We are encouraged to connect with the phenomenon of gratitude each year around the season of Thanksgiving. While surrounded by family and friends, it is easy to be thankful for the roof over our heads, food on our plates and the necessities we often take for granted. The warmth and contentment that comes from this recognition is part of what makes the holiday season so special, but there’s no reason we shouldn't retain this attitude of appreciation throughout the rest of the year.
There are countless experts who recommend the practice of keeping a gratitude journal as an attempt to maintain this spirit of proper acknowledgment and attribution in our daily lives. Practicing gratitude can look different for everyone. Some people find solace in journaling, while others take time to alleviate their stress through practices like yoga or meditation. However, I prefer to see gratitude as a mindset rather than an obligatory practice. The practice of gratitude is something that can be learned, refined and improved upon, just like any other skill. I believe college students are the demographic that can best benefit from this practice.

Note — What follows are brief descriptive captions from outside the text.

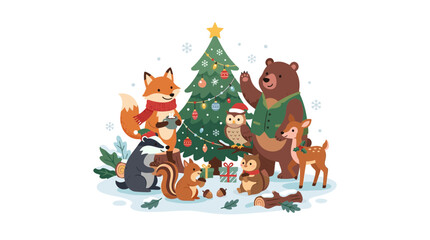 Fototapeta premium Cute Forest Animals Celebrating Christmas Together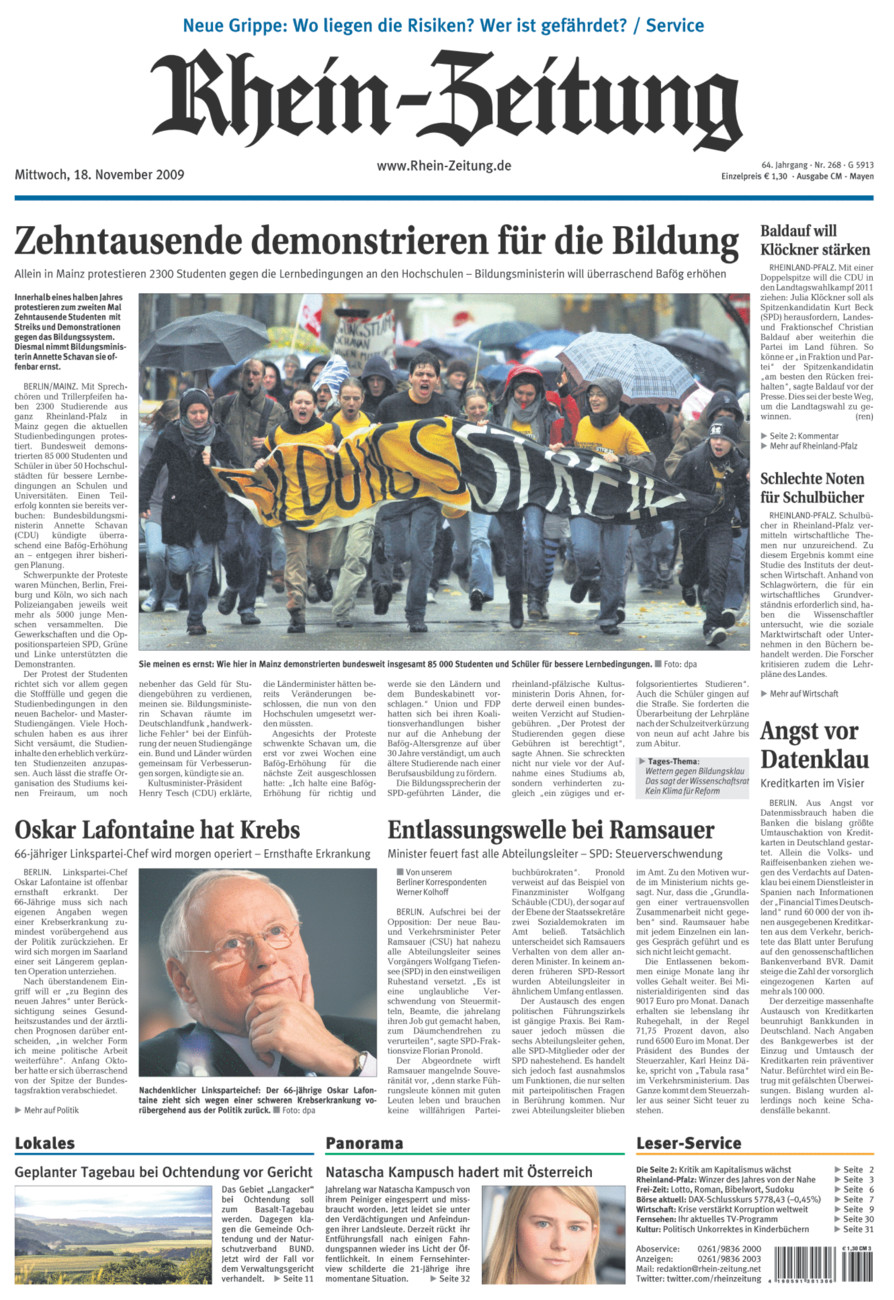 Rhein-Zeitung Andernach & Mayen vom Mittwoch, 18.11.2009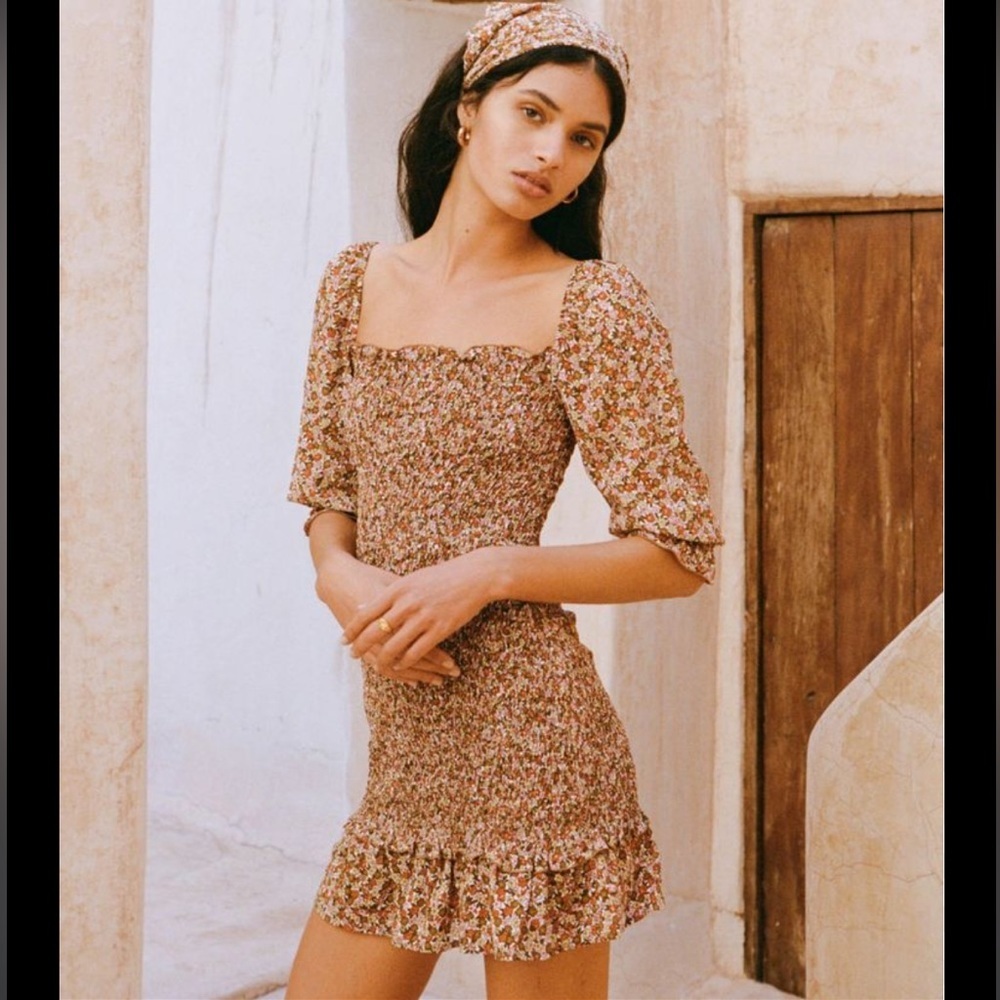 Faithfull the Brand Floral Long Sleeve Mini Dress Boho Print Summer Size 8 Large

From an outside perspective, the life of an undergrad is relatively straightforward. Our lives are encompassed within the borders of our college campus — we work, play and grow within a few miles from the school’s grounds.
However, there are times where I feel as if I am preparing for two separate lives — the student, who should be working on her upcoming paper and the young professional, who should be actively networking and applying to summer internships. At the end of the day it’s easy to feel as if I’ve come up short in one category or another, and the balancing act can be exhausting.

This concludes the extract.